The function and expression of the metR, metE, and luxS genes are considered to be closely related, because homocysteine, one of the products of LuxS, acts as a co-regulator for MetR and stimulates the transcription of metE
. We found a potential MetR-binding site in the upstream intergenic region of the MR-1 luxS gene (5’-TGAGATGATTTCA-3’) that closely matches the consensus MetR-binding sequence reported in E. coli and other bacteria (5’-TGAANNANNTTCA-3’) . A similar sequence was also identified in the intergenic region between metE and metR (5’-TGAGCGAAATTCA-3’). These findings suggest the possibility that MetR regulates the expression of luxS, as well as that of met genes, in S. oneidensis MR-1. A putative MetR-binding sequence was also found upstream of glyA (5’-TGAGGTGCATTCA-3’).
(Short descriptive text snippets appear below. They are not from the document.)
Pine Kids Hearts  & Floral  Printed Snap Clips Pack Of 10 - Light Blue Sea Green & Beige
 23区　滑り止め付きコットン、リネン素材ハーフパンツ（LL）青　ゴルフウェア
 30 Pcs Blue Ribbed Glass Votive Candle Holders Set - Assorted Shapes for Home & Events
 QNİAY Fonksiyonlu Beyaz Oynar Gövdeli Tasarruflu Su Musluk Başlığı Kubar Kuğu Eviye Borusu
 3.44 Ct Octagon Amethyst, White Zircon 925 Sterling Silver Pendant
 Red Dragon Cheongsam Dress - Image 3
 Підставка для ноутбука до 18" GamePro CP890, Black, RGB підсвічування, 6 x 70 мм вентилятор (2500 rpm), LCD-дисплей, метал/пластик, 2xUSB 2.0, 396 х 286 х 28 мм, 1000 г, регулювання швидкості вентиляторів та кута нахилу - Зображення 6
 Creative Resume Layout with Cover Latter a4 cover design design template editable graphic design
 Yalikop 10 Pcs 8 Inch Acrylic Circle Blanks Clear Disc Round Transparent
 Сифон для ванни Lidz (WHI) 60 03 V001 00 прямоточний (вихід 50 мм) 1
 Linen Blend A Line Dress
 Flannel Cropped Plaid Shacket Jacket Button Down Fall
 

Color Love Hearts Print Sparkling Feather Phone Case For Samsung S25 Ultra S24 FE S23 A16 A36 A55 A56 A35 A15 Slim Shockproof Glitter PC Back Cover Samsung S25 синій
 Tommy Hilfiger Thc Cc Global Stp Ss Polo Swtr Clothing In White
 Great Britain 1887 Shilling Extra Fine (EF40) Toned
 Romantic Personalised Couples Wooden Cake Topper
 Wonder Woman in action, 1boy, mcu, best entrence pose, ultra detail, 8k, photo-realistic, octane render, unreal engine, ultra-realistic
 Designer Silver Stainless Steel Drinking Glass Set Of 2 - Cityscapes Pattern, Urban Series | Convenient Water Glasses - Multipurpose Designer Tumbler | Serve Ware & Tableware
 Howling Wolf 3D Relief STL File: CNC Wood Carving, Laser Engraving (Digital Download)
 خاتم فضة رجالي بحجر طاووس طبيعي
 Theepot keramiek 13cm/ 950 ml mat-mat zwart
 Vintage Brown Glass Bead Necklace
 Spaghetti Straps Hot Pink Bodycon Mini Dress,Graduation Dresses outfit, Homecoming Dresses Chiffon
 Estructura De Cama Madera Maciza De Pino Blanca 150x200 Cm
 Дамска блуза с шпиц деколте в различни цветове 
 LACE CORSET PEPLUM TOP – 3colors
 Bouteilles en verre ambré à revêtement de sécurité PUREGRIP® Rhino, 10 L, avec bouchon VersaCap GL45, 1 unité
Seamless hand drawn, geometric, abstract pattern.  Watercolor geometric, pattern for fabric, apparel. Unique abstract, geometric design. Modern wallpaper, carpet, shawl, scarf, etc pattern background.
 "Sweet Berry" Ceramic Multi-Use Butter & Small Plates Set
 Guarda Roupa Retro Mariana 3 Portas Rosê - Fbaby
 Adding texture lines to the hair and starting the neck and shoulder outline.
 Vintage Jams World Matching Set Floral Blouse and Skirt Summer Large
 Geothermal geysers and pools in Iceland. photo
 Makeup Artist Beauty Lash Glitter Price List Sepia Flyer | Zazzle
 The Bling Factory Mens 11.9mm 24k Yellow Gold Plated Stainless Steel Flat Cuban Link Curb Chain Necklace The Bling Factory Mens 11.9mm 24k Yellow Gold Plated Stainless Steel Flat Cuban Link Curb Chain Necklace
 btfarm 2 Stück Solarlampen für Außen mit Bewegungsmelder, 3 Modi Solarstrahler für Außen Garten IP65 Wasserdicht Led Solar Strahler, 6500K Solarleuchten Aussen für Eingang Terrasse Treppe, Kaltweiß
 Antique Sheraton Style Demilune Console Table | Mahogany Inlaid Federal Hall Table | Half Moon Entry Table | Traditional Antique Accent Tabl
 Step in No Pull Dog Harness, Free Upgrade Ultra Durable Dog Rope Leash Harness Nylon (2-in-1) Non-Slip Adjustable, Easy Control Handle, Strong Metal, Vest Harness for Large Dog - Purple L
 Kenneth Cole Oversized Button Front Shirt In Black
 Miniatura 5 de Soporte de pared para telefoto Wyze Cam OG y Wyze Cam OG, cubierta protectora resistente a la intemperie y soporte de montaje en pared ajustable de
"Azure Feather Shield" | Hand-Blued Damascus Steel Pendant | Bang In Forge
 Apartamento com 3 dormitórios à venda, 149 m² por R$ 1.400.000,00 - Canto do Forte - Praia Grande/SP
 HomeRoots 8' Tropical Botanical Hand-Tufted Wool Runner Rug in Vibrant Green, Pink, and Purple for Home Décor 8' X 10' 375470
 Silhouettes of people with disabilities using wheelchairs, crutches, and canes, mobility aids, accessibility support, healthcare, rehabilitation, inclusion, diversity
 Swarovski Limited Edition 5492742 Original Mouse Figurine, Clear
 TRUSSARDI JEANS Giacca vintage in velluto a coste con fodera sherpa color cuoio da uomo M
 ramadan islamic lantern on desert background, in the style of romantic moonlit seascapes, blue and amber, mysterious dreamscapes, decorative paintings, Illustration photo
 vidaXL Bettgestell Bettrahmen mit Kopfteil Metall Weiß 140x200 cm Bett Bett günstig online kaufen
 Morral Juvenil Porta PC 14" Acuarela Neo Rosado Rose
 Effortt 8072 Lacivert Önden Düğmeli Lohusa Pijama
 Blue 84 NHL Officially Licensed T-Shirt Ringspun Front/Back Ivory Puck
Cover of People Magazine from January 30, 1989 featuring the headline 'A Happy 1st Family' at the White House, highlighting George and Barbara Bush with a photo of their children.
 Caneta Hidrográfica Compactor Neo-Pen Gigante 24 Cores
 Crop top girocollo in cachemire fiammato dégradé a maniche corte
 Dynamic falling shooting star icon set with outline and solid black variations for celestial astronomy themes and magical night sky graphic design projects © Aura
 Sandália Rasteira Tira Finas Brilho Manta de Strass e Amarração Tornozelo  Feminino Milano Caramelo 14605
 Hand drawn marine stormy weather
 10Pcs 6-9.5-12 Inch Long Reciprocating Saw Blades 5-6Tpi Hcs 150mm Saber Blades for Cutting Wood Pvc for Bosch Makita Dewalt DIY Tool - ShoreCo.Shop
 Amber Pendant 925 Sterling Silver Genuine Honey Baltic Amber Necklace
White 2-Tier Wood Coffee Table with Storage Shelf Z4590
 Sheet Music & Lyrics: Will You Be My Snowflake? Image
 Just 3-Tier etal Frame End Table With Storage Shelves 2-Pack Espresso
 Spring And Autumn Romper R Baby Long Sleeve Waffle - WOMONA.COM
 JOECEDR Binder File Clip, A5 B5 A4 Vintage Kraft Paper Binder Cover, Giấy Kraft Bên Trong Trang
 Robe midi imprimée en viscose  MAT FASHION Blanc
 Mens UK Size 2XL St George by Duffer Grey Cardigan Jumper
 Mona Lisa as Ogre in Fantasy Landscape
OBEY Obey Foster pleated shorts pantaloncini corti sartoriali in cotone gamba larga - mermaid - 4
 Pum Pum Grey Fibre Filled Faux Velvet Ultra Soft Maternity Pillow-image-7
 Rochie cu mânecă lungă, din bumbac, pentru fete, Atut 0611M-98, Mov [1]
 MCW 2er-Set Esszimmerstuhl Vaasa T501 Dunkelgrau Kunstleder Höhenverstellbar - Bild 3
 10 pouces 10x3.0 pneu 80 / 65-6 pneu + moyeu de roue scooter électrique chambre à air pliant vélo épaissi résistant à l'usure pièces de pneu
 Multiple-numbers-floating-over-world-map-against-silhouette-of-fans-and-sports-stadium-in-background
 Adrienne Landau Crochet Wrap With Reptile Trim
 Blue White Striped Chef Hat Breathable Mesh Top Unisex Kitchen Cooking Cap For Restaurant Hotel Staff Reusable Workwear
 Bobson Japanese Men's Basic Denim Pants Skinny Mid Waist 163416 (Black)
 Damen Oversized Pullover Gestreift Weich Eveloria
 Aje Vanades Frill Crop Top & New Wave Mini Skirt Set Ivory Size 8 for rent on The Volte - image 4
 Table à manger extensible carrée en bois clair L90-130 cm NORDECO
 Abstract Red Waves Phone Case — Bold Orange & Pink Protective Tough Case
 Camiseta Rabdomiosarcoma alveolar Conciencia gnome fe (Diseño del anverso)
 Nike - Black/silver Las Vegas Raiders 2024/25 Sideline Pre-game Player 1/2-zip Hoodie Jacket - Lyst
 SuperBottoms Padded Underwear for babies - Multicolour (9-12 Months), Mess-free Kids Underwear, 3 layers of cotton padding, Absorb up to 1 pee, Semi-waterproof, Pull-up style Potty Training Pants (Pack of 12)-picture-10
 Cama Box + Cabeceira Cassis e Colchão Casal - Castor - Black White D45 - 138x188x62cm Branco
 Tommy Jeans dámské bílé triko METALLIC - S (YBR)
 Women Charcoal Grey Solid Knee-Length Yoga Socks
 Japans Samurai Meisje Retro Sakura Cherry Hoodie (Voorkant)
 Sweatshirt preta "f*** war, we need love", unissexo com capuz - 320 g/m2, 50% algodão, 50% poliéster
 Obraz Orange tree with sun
Because MetR activates the transcription of glyA in E. coli
, it is likely that the overexpression of metR in EC-2 resulted in the increased expression of glyA. In addition to these AMC-related genes, the microarray analysis detected 20 genes other than SO_1860 and SO_1861 that were differentially regulated in EC-2, including 10 genes located within the LambdaSo prophage region (Table 1). Although it has been reported that prophage-mediated cell lysis enhances biofilm formation in S. oneidensis MR-1 , the regulation and involvement of these genes in the observed phenotype of EC-2 is unknown.